*Goal of the exercise:*
Begin at the line containing "a bedroom with" and copy exactly through the last line of the listing, skipping every picture.

*Input records:*
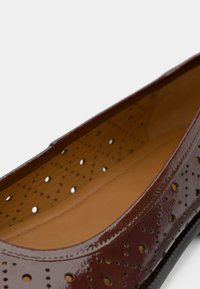Μπαλαρίνα από δέρμα μπορντό με διάτρητο σχέδιο, λεία υφή, στρογγυλεμένη μύτη και αντίθετη μπεζ εσωτερική επένδυση.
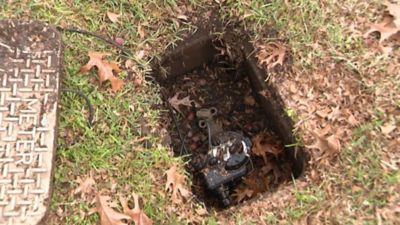 water pump in hole in a backyard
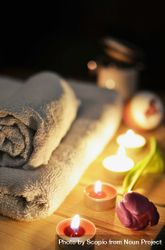 Towels on brown wooden table near lit candles bedYG4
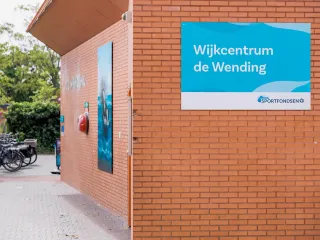 Het gebouw heeft een robuuste, hoekige uitstraling met warme bakstenen gevel en horizontale lijnen, ontworpen met een verfijnd contrast tussen stenen buitengevels en subtiel naar voren stekende houten volumes. Met een luifel boven de ingang en grote glaspartijen oogt het gebouw uitnodigend en afgestemd op het omliggende groene plein. 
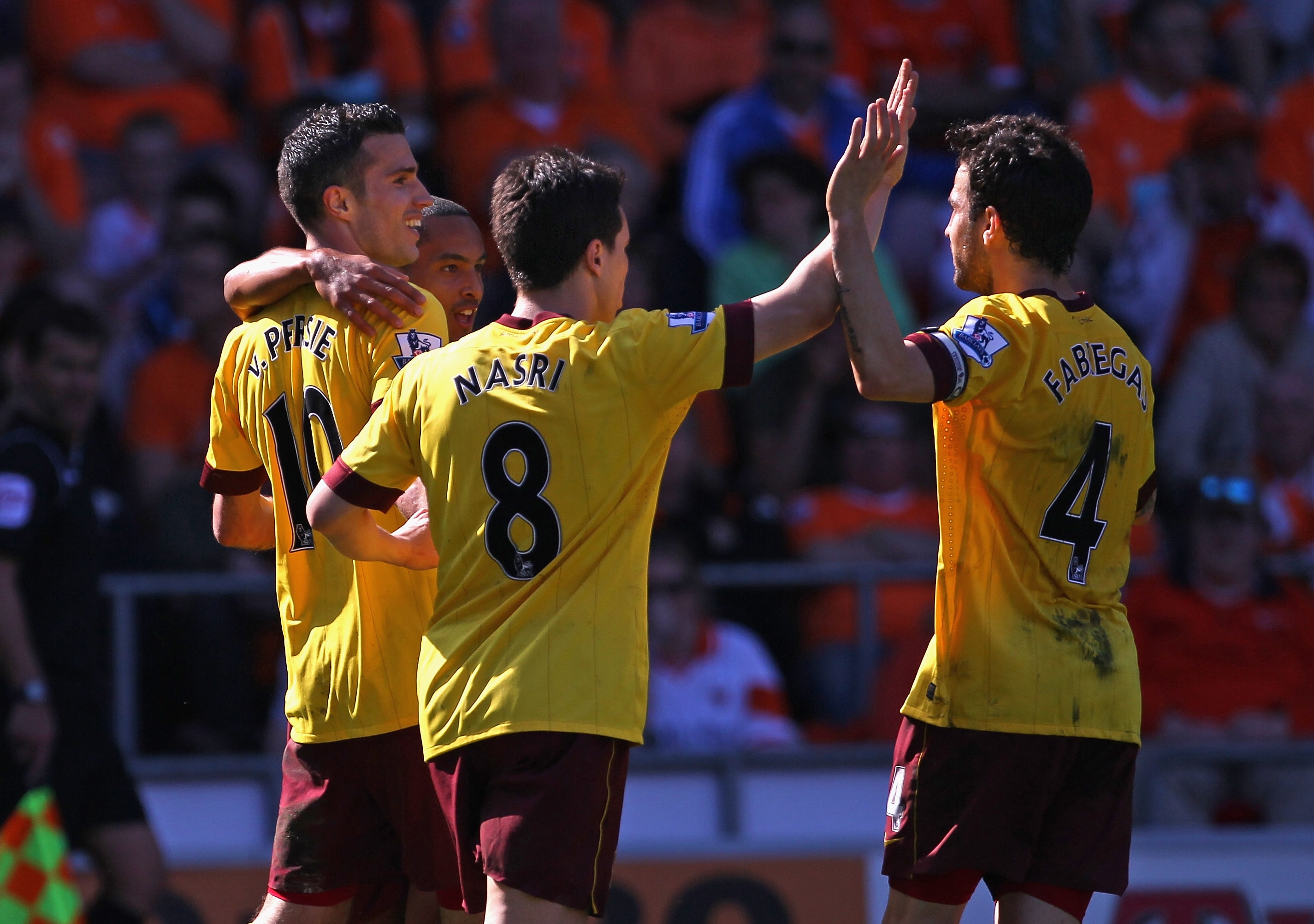 BLACKPOOL, ENGLAND - APRIL 10:  Robin Van Persie of Arsenal celebrates with team mates after scoring the third goal for Arsenal during the Barclays Premier League match between Blackpool and Arsenal at Bloomfield Road on April 10, 2011 in Blackpool, Engla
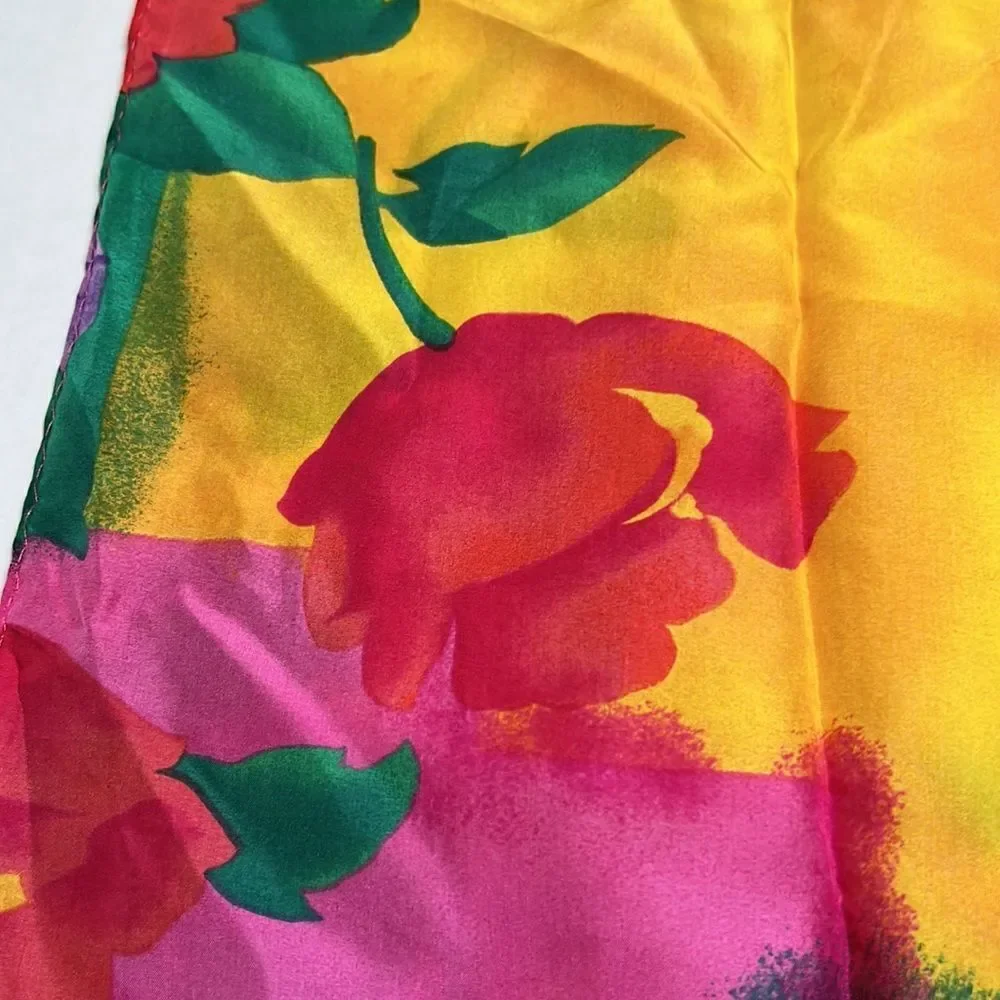 Vibrant floral silk scarf with gold purple pink and red flowers.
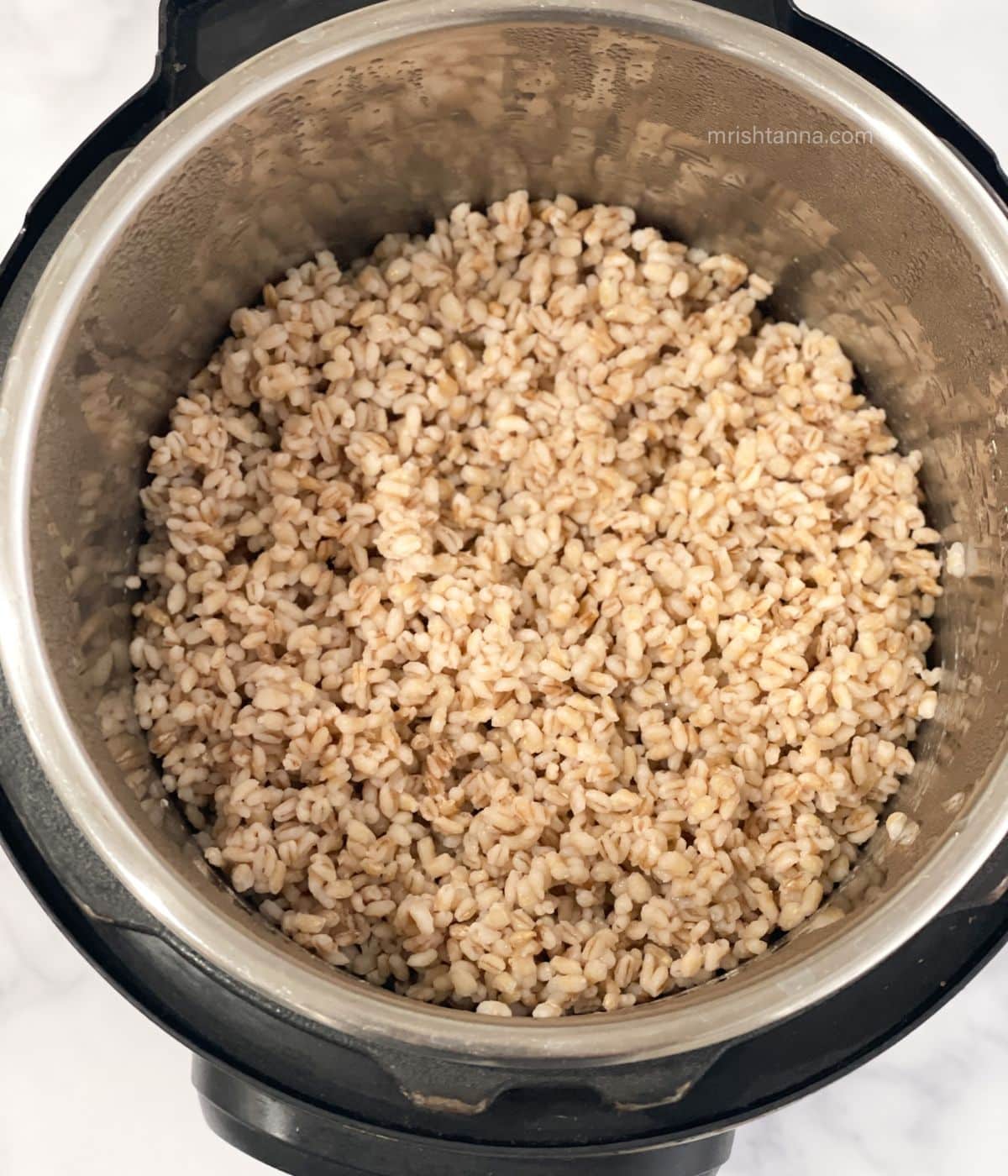An instant pot has cooked pearl barley.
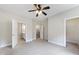 Spacious bedroom with ceiling fan and access to bathroom and closet at 1421 Yarborough Park Dr, Raleigh, NC 27604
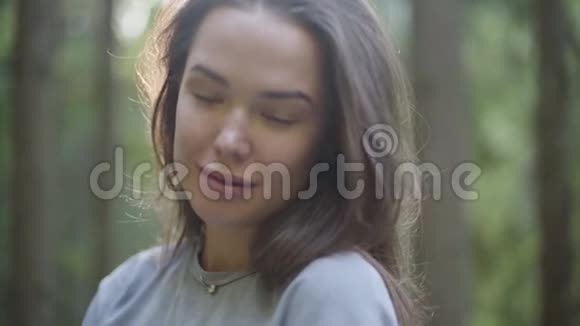 一幅可爱的女人在绿色森林里站在阳光下向外看的肖像那个女孩在森林里徒步旅行连接视频的预览图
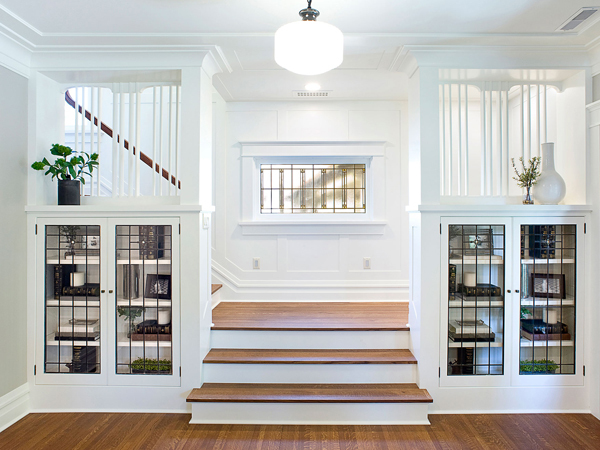 redesigned bookshelves with clear window doors leading up the stairs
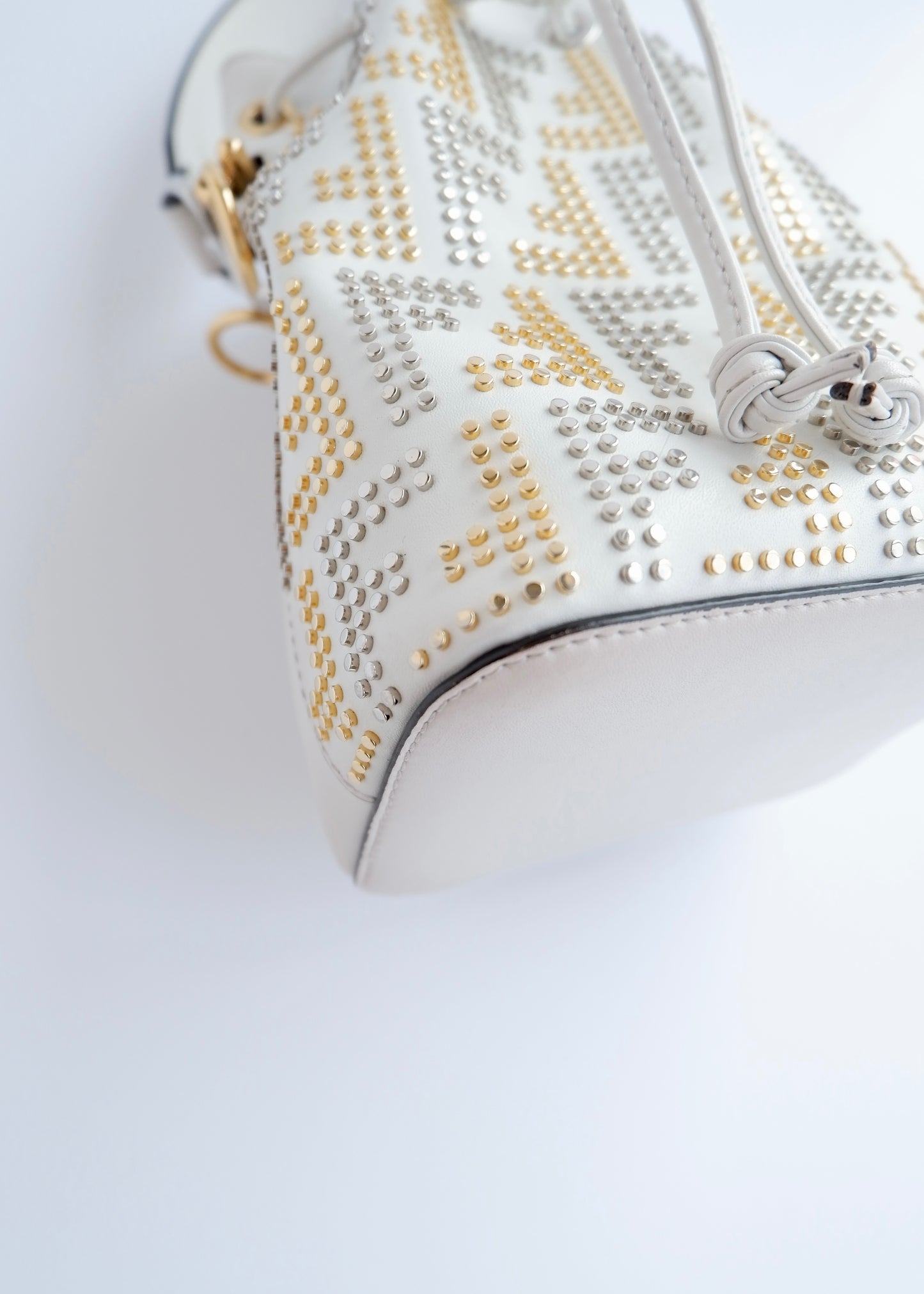 Authentic Preowned Fendi White Leather Zucca Studded Drawstring Bucket Bag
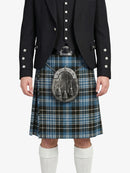 Person wearing a black jacket and blue plaid kilt on a white background
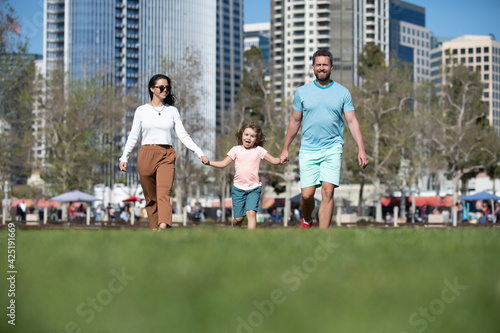 Family in the city. Family walking in urban park. Concept of children and parents, happy family.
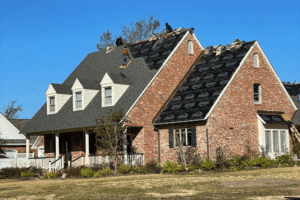 Hurricane roofing preparation, roofing services in Hammond, LA at Pride Roofing LLC. Image of Roofing contractors replacing asphalt shingles on a large brick home, showcasing residential roof replacement and storm damage roof repair services during hurricane season preparation.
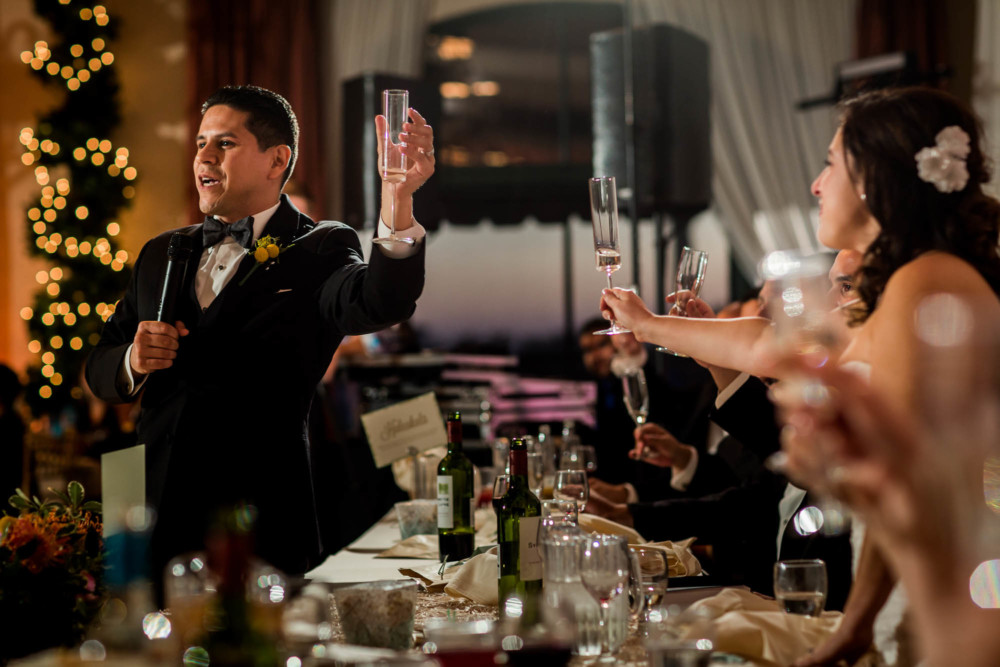 Groom raises a glass during his wedding speach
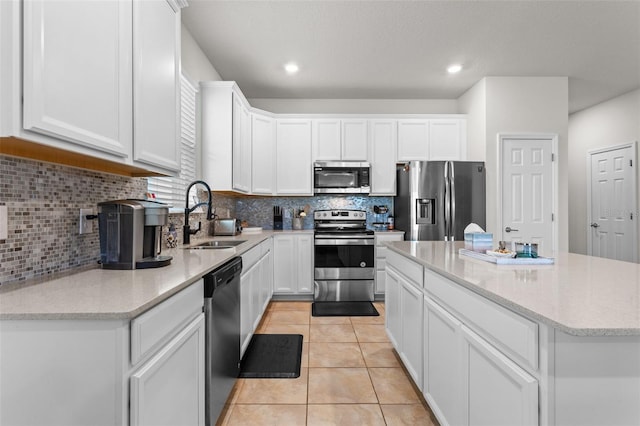3467 Buoy Cir, Winter Garden, FL 34787 - kitchen with stainless steel appliances, a kitchen island, backsplash, white cabinetry, and light tile patterned floors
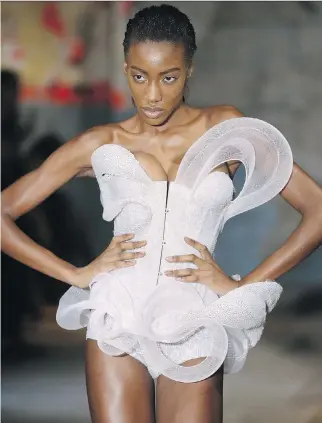  ?? PATRICK KOVARIK/AFP/GETTY IMAGES ?? A model presents a creation by Serkan Cura during the 2015 Haute Couture Spring-Summer collection fashion show in January in Paris.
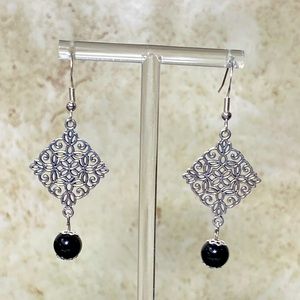 Silver tone earrings with obsidian beads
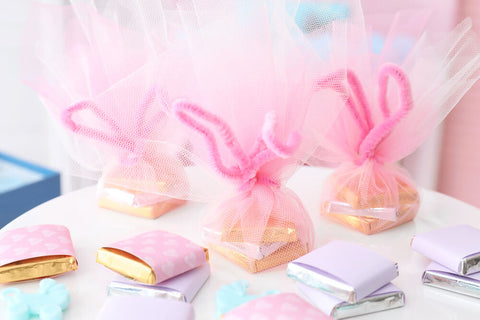 baby shower party favors on a table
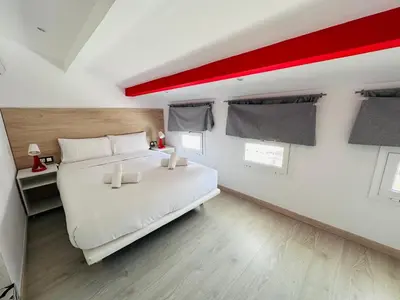 a bedroom with a white bed and a red ceiling at Rainbow Apartments BY BLAUSITGES in Sitges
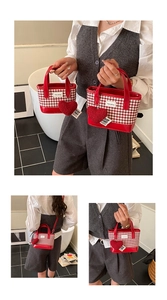 Détail du sac seau à carreaux rouges avec garniture en cuir et breloque coeur en peluche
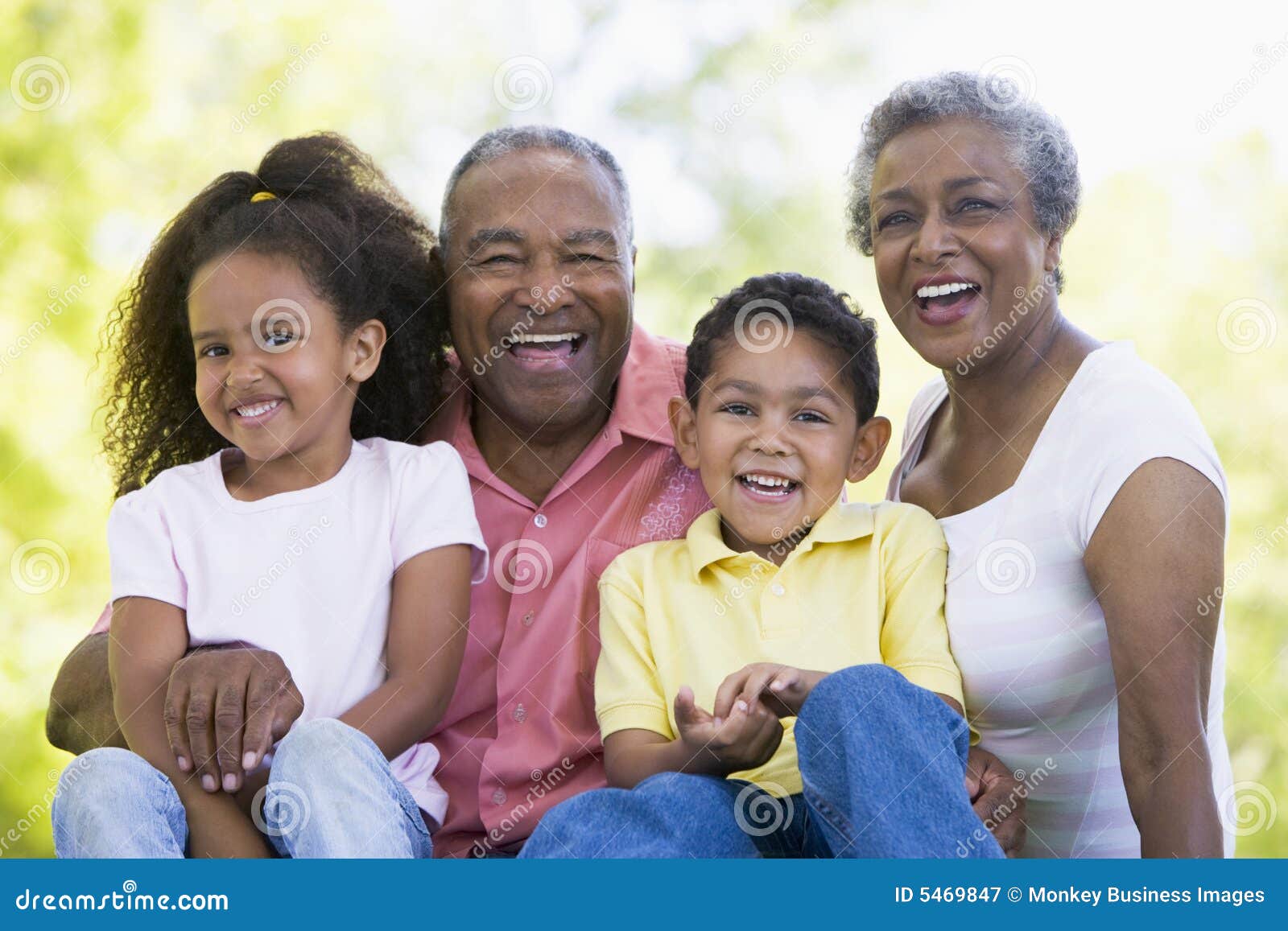 grandparents laughing with grandchildren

*Result for this task:*
 a bedroom with a white bed and a red ceiling at Rainbow Apartments BY BLAUSITGES in Sitges
 Détail du sac seau à carreaux rouges avec garniture en cuir et breloque coeur en peluche
 grandparents laughing with grandchildren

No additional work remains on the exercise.